I am analyzing data from microarrays with batch effect. To correct batch effect I am including this variable in the formula for the linear model:
formula <- paste("~0 ", "Group ", "Batch", sep = "+ ")
The group variable includes two categories: M_GO and NM_GO, whereas the batch variable includes three categories: Batch1, Batch2 and Batch3.
After that, I have created the design matrix, where the name of the columns are the following:
M_GO NM_GO Batch1 Batch2
Both categories for group appear because there is not an intercept. But, regarding the batch variable, only two of three categories are present. Samples with Batch1=1 & Batch2=0 will be Batch1, samples with Batch1=0 & Batch2=1 will be Batch2, and samples with Batch1=0 & Batch2=0 will be Batch3.

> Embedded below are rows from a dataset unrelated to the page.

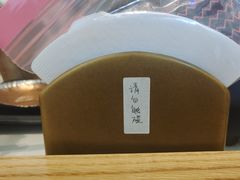 -三花屋 Mihhanaya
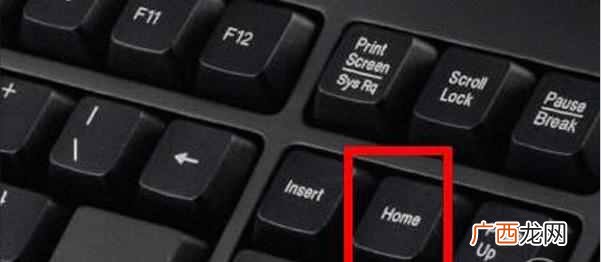 电脑上home键是什么键（键盘上的home键有什么作用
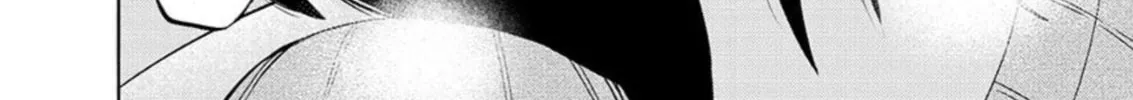 Rakujitsu no Pathos Chapter 104 page 45 -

However, my question is regarding the contrastsmatrix. As Batch3 does not appear in the design matrix, the only comparison that can be perfomed for batch is "Batcheffect = Batch1 - Batch2".

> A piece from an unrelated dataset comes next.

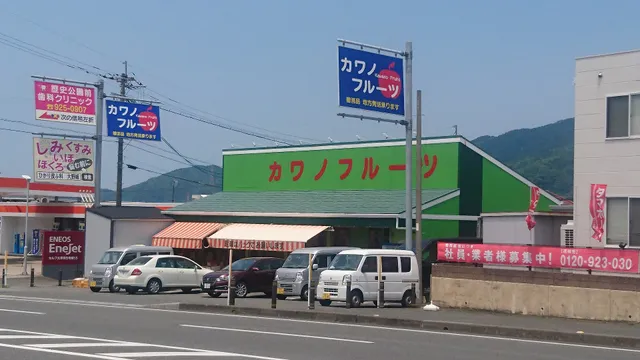 カワノフルーツ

contrasts <- c("GO_MvsNM = M_GO - NM_GO", "Batcheffect = Batch1 - Batch2")
Is this contrasts matrix taking into account the 3 categories for batch effect? Am I doing the analysis to correct batch effect properly?
Thank you very much in advance!!
I thought I knew the answer to this but did some digging only to find out I do not...but I have a few comments. First, this question is not about batch effect at all, but rather why your design matrix has one less column than the product of the number of groups and batches in your experiment (=2*3). Try troubleshooting this more general question--i suspect that the fact that this appears to relate most directly to batch effect was a bit of a red herring in your problem solving. Check out https://stackoverflow.com/a/17284028 and the comments here https://stats.stackexchange.com/q/174976
Realistically, why are you trying to find genes DE with respect to batches? Your code for making contrasts between groups looks perfect. If you really wish to compare batches 1 vs. 2, 1 vs. 3, and 2 vs. 3, simply change the order of your variables in
model.matrix(), or for you, formula:
And you will find columns for all 3 batches in the model matrix.